> RAW DATA
○ ○ ○
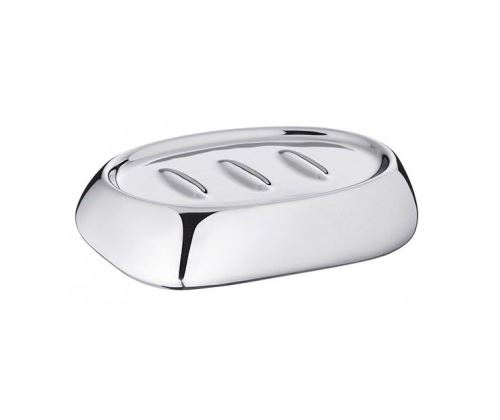Porte Savon Ovale en Céramique Argenté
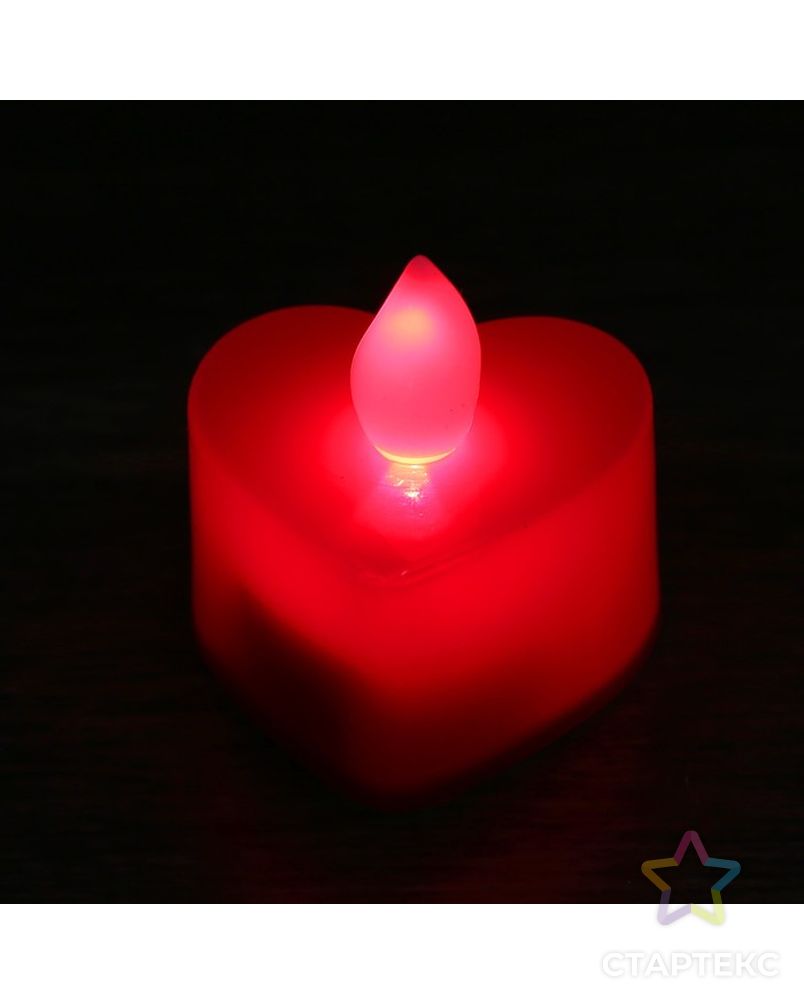 Свеча светодиодная «Сердечко», горит красным арт. СМЛ-49527-1-СМЛ0002537426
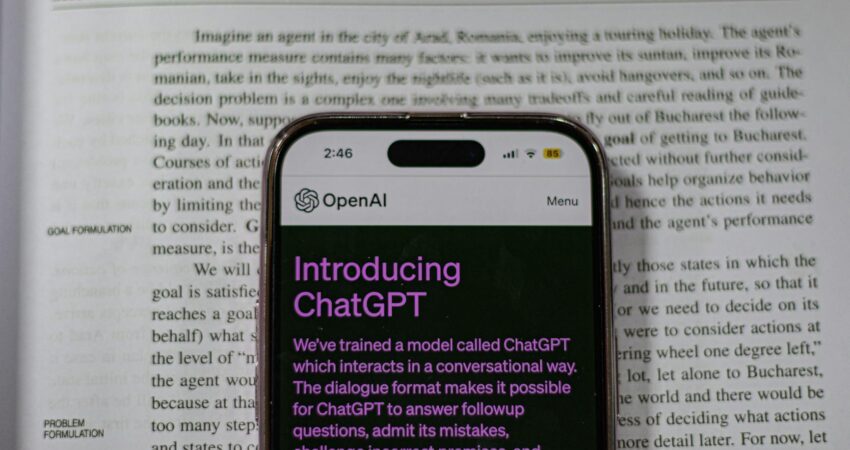 chatgpt webpage open on iphone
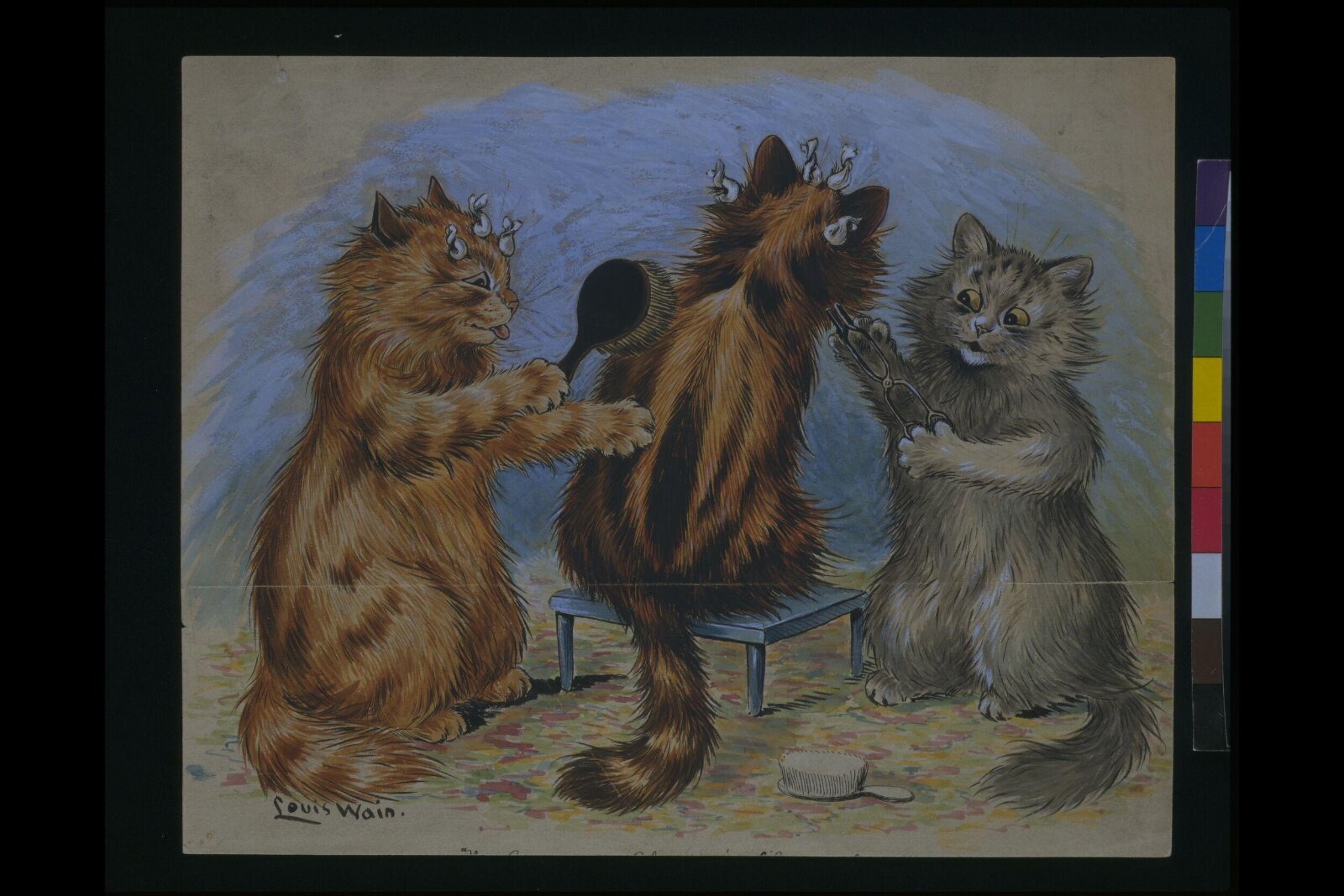 Three kittens preparing for exhibition, Louis Wain, Late 19th century - early 20th century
○ ○ ○
> WORK TO COMPLETE
Your answer must be the full listing, reproduced word for word, without its pictures.

> EXERCISE SOLUTION
Porte Savon Ovale en Céramique Argenté
 Свеча светодиодная «Сердечко», горит красным арт. СМЛ-49527-1-СМЛ0002537426
 chatgpt webpage open on iphone
 Three kittens preparing for exhibition, Louis Wain, Late 19th century - early 20th century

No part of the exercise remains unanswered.